Eskilerden Art Carney, George C. Scott, Louise Fletcher ve Moses Gunn’ın varlıkları ile renklendirdiği filmde Martin Sheen ve baba rolündeki David Keith ortalama bir oyunla idare ediyorlar. Filmin yıldızı ise elbette Drew Barrymore. İki yıl önce “E.T.” ile yıldız olmuş oyuncu burada da tüm yeteneğini ve sevimliliğini hikâyenin emrine vermiş. Ne var ki filmin onu kullanım şeklinde ciddi bir sorun var: Karakterinin korkunç yeteneği ve kendisini korumak için de olsa onlarca kötü insanı yok etmesi ile ortaya çıkan katliam görüntüleri ile uyuşmayan derecede aşırı sevimli ve büyümüş de küçülmüş bir kız olarak çizilmiş rolü. Buradan ortaya zıtlıktan kaynaklanan iyi bir gerilim çıkabilirmiş ama senaryo ne genç kızın travmasını (ara sıra dökülen gözyaşları dışında görsel olarak pek de çarpıcı bir biçimde işlenmiyor bu travma) ne de bu zıtlığı yeterince iyi işlemeye müsait ve sanki küçük kızın güzelliğine kapılıp gitmiş gibi görünüyor film. Lester’ın Yeşilçam’a yakışır bir şekilde yavaş gösterimle karşımıza getirdiği “baba ile kız kavuşur” sahnesi gibi yanlış tercihleri ve kızın yeteneğinin açıklamadığı bir “kurşun işlememe” durumu gibi izahat gerektiren anların cevabını vermemesi de filmi zayıflatmış görünüyor.

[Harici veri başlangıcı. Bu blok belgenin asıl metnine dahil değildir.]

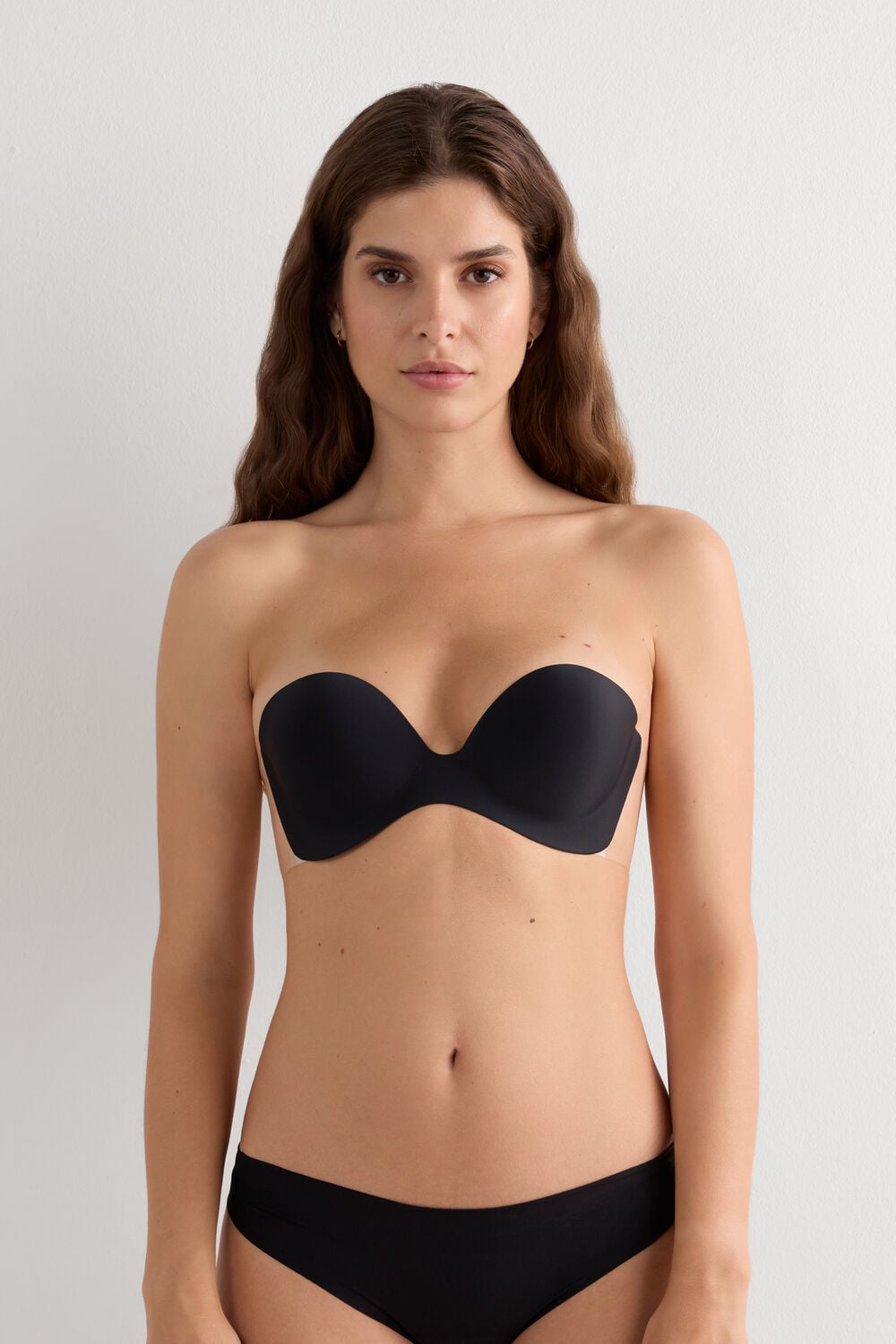 Transparent Back Strapless Bra - Black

Afişinde yer alan görüntünün (alevden bir fonun önünde doğrudan size bakan ve saçı rüzgârda dalgalanan küçük kız) kendisi kadar klasik değil film sonuç olarak ama yine de bilim kurgu, korku (daha doğrusu gerilim) ve aksiyonu aksamadan uzlaştırabilmiş olması, seyicisini beklenti içine sokmadığı için hayal kırıklığına da uğratmaması, Barrymore’un etkileyici oyunculuğu ve doğaüstü bir güce sahip sıradan bir insan olmanın travmasını yeterince etkileyici biçimde olmasa da anlatması ile ilgiyi hak ediyor. Tabii bir de küçük kızın ateşten toplarla onlarca kötü adamı yok ettiği bölüm var ki filmi tek başına çekici kılabilir kimileri için.